Carpe Diem – Seize the Day!

Dead Poets Society, a film probably familiar to many students, teachers and parents, captures the stories happening in a private school where “successful” parents send their sons to the school to be he successor of their wealth and popularity and a series of changes happening because of the arrival of a new poetry teacher who uses unorthodox method to teach and tell the boys to break the rules.

I’ve watched this film two times before, once in the middle school and once in the high school. While I’ve watched it before, every time I saw it, I developed new understandings and thoughts depending on the situation where I was in and the emotion I had. I remembered at the beginning I really couldn’t get the charm of poetry and thought it might be a little too dramatic for the boys and the teachers to behave. Why there’s a boy so shy that he could barley say a world? Why the teacher is so different and what’s wrong with the other serious ones? Why Neil cannot just talk to his father what he thinks?
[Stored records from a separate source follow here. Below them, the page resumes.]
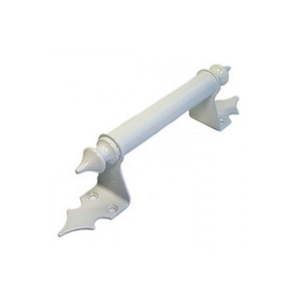 Ручка-скоба "ОРИГИНАЛ" (белый)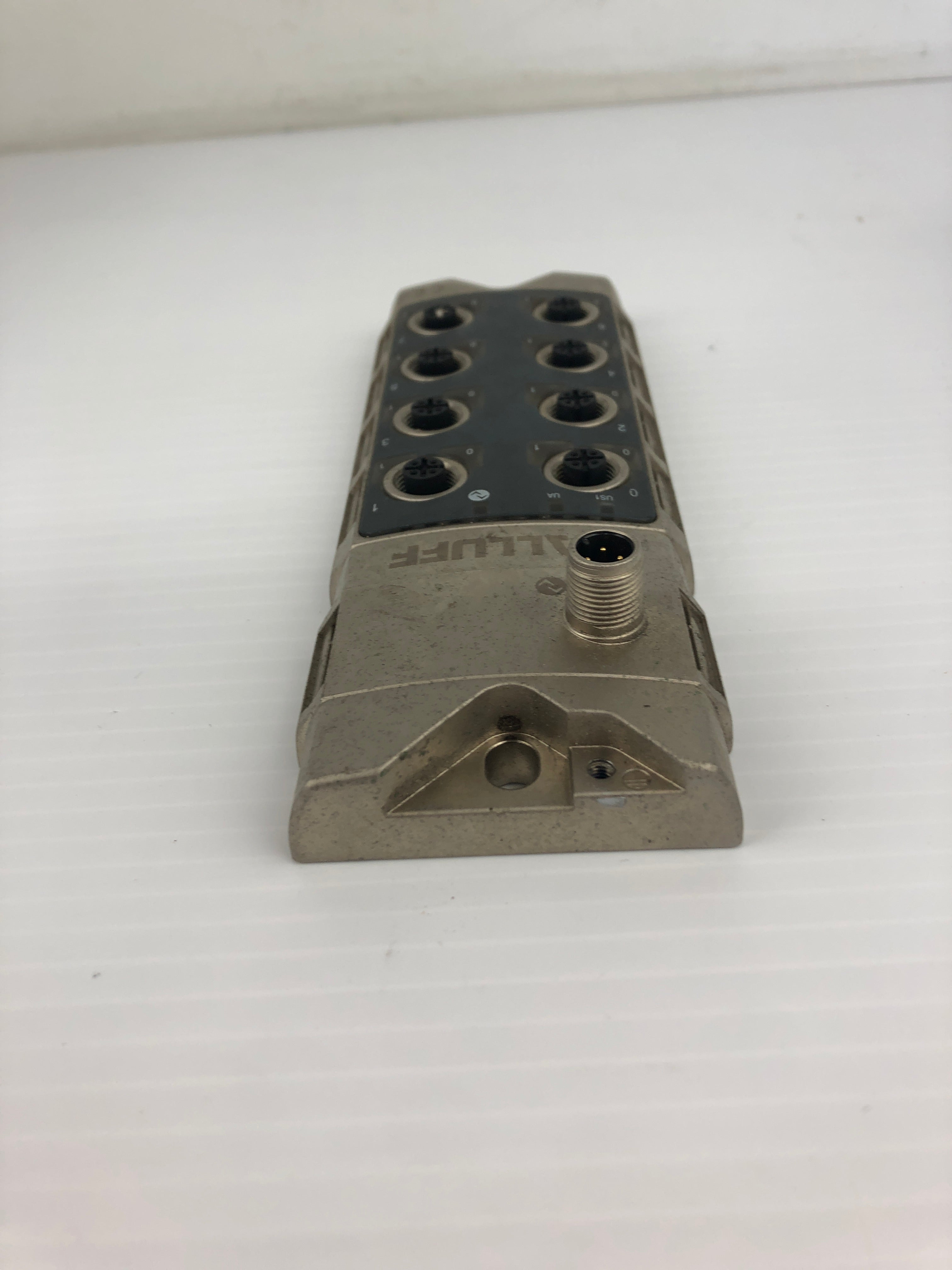 Balluff BNI003C I/O Module Block 1526HU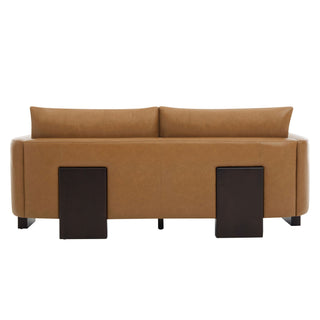 Elegant Modern 3 Seater Sofa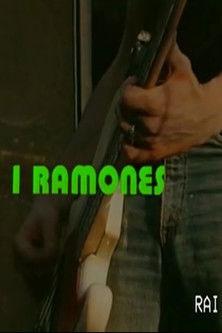 I Ramones film afişi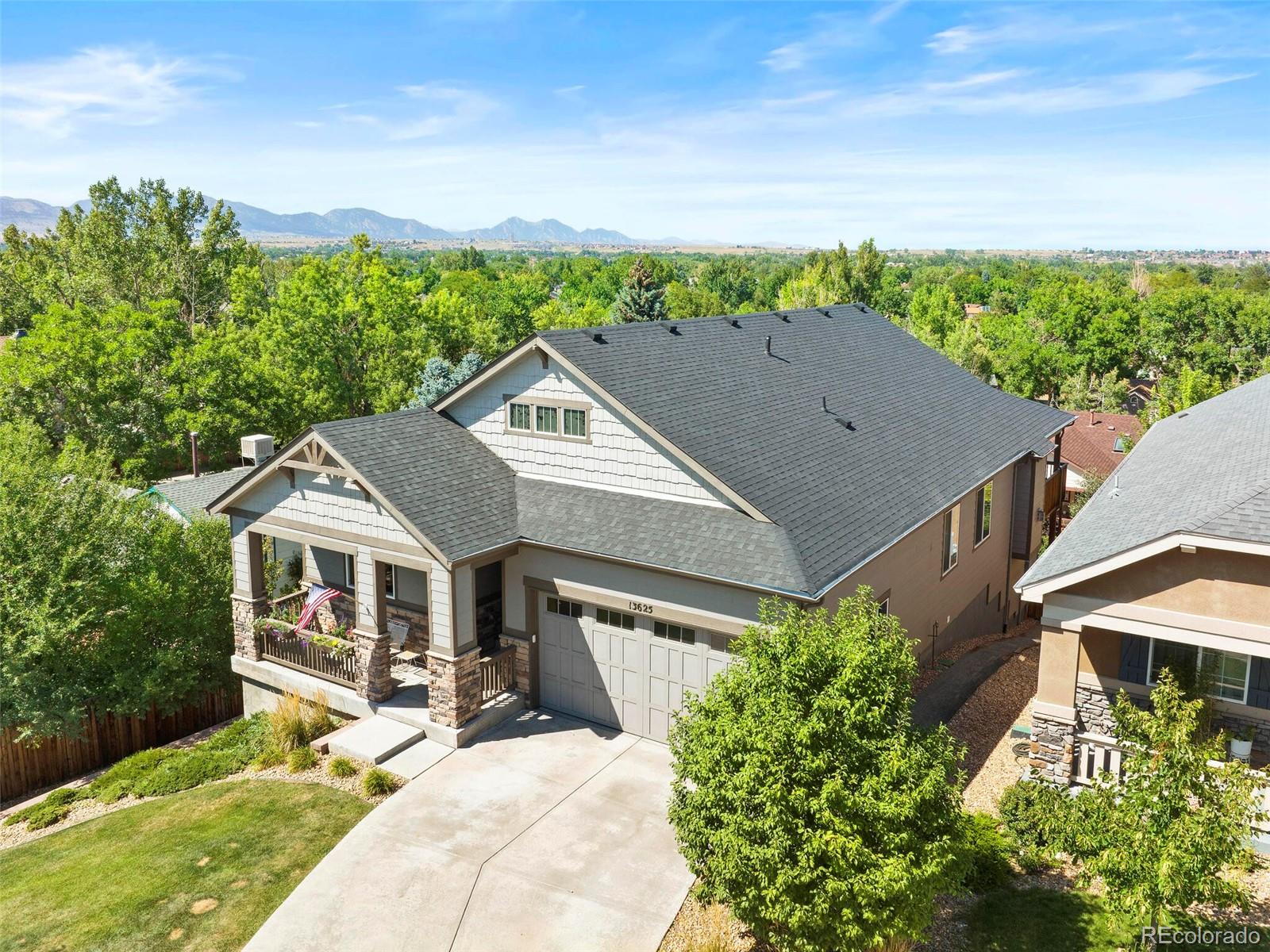 13625 W 64th Place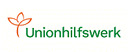 Logo UNIONHILFSWERK Sozialeinrichtungen gGmbH in Berlin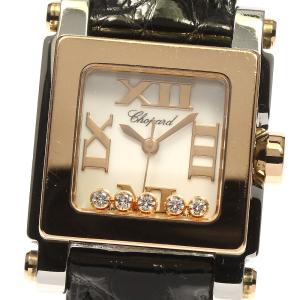 Chopard ショパール 278573-3002 ハッピースポーツ 自動巻き  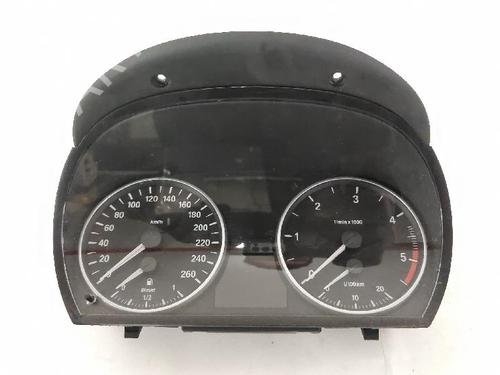 Used Instrument cluster BMW 3 Touring (E91) 320 d (163 hp) 27421075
A couple of questions on whether it is possible for these plots to be true prevents me from focusing on the beauty or attraction of this film.

However, when I watched it last Friday, some of these questions are not unanswerable to me.  I think it’s probably because college is a more diverse institution where we can meet more people or because we’re going to face the trade-off choosing what you like or choosing what can make you successful or because we have a lot of courses to choose from which means we can meet hundreds of professors.

It’s great to see the changes in myself when I’m experiencing through different periods of my life and seeing myself to be more mature and more tolerate of the difference and also braver to break the rules.